I have a recursive query that is working as intended for calculating weighted average cost for inventory calculation. My problem is that I need multiple weighted average from the same query grouped by different columns. I know I can solve the issue by calculating it multiple times, one for each key-column. But because of query performance considerations, I want it to be traversed once. Sometimes I have 1M+ rows.
I have simplified the data and replaced weighted average to a simple sum to make my problem more easy to follow.
How can I get the result below using recursive cte? Remember that I have to use a recursive query to calculate weighted average cost. I am on sql server 2016.
Example data (Id is also the sort order. The Id and Key is unique together.)
Id Key1 Key2 Key3 Value
1 1 1 1 10
2 1 1 1 10
3 1 2 1 10
4 2 2 1 10
5 1 2 1 10
6 1 1 2 10
7 1 1 1 10
8 3 3 1 10
Expected result
Id Key1 Key2 Key3 Value Key1Sum Key2Sum Key3Sum
1 1 1 1 10 10 10 10
2 1 1 1 10 20 20 20
3 1 2 1 10 30 10 30
4 2 2 1 10 10 20 40
5 1 2 1 10 40 30 50
6 1 1 2 10 50 30 10
7 1 1 1 10 60 40 60
8 3 3 1 10 10 10 70
EDIT
After some well deserved criticism I have to be much better in how I make a question.

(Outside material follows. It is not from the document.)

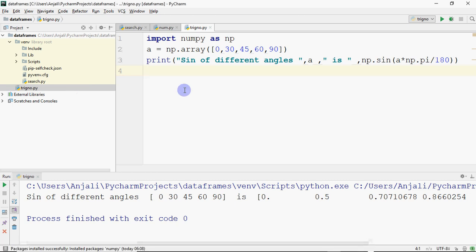Hi all, this is Anjali. In this video we'll be doing trigonometric functions on the NumPy arrays. We've already covered how to create NumPy arrays and perform arithmetic operations. Now we'll see how to perform trigonometric operations on NumPy arrays. As you know, the most important trigonometric operations are sine, cos, and tan.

Here is an example and why I need a recursive query. In the example I get the result for Key1, but I need it for Key2 and Key3 as well in the same query. I know that I can repeat the same query three times, but that is not preferable.

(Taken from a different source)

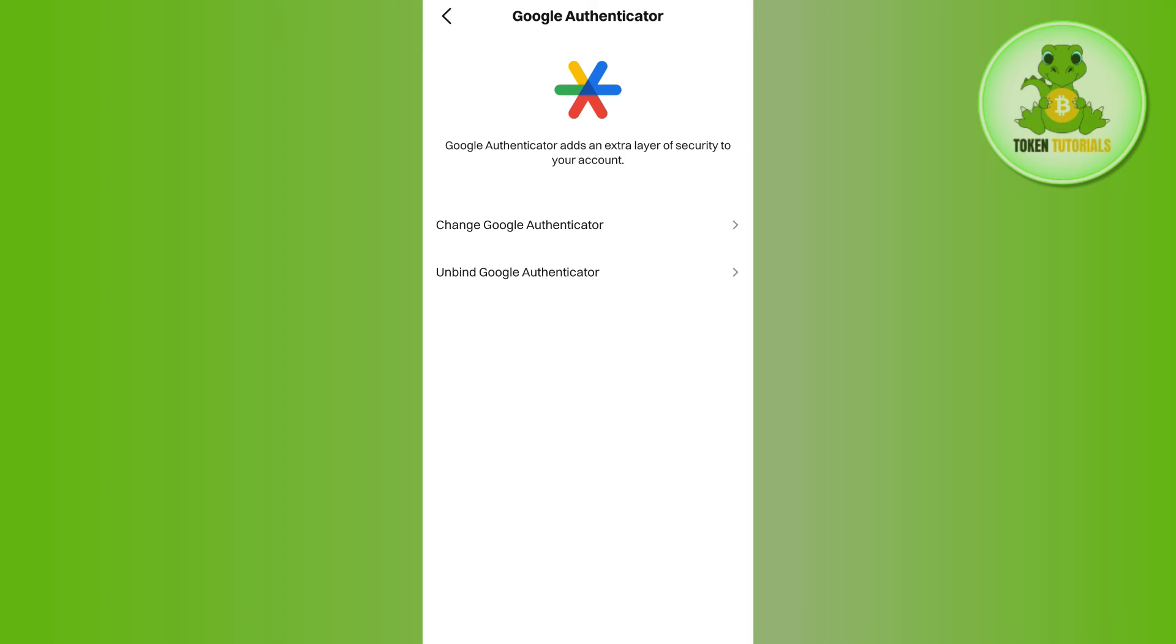You just have to copy that key and paste that key into your Google Authenticator. This will generate a six digit code in your Google Authenticator application which you need to copy and paste in the Bitcat.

DECLARE #InventoryItem AS TABLE (
IntentoryItemId INT NULL,
InventoryOrder INT,
Key1 INT NULL,
Key2 INT NULL,
Key3 INT NULL,
Quantity NUMERIC(22,9) NOT NULL,
Price NUMERIC(16,9) NOT NULL
);
INSERT INTO #InventoryItem (
IntentoryItemId,
InventoryOrder,
Key1,
Key2,
Key3,
Quantity,
Price
)
VALUES
(1, NULL, 1, 1, 1, 10, 1),
(2, NULL, 1, 1, 1, 10, 2),
(3, NULL, 1, 2, 1, 10, 2),
(4, NULL, 2, 2, 1, 10, 1),
(5, NULL, 1, 2, 1, 10, 5),
(6, NULL, 1, 1, 2, 10, 3),
(7, NULL, 1, 1, 1, 10, 3),
(8, NULL, 3, 3, 1, 10, 1);
--The steps below will give me the cost "grouped" by Key1
WITH Key1RowNumber AS (
SELECT
IntentoryItemId,
ROW_NUMBER() OVER (PARTITION BY Key1 ORDER BY IntentoryItemId) AS RowNumber
FROM #InventoryItem
)
UPDATE #InventoryItem
SET InventoryOrder = Key1RowNumber.RowNumber
FROM #InventoryItem InventoryItem
INNER JOIN Key1RowNumber
ON Key1RowNumber.IntentoryItemId = InventoryItem.IntentoryItemId;
WITH cte AS (
SELECT
IntentoryItemId,
InventoryOrder,
Key1,
Quantity,
Price,
CONVERT(NUMERIC(22,9), InventoryItem.Quantity) AS CurrentQuantity,
CONVERT(NUMERIC(22,9), (InventoryItem.Quantity * InventoryItem.Price) / NULLIF(InventoryItem.Quantity, 0)) AS AvgPrice
FROM #InventoryItem InventoryItem
WHERE InventoryItem.InventoryOrder = 1
UNION ALL
SELECT
Sub.IntentoryItemId,
Sub.InventoryOrder,
Sub.Key1,
Sub.Quantity,
Sub.Price,
CONVERT(NUMERIC(22,9), Main.CurrentQuantity + Sub.Quantity) AS CurrentQuantity,
CONVERT(NUMERIC(22,9),
((Main.CurrentQuantity) * Main.AvgPrice + Sub.Quantity * Sub.price)
/
NULLIF((Main.CurrentQuantity) + Sub.Quantity, 0)
) AS AvgPrice
FROM CTE Main
INNER JOIN #InventoryItem Sub
ON Main.Key1 = Sub.Key1
AND Sub.InventoryOrder = main.InventoryOrder + 1
)
SELECT cte.IntentoryItemId, cte.AvgPrice
FROM cte
ORDER BY IntentoryItemId
Why you will want to calculate on 1M+ rows ?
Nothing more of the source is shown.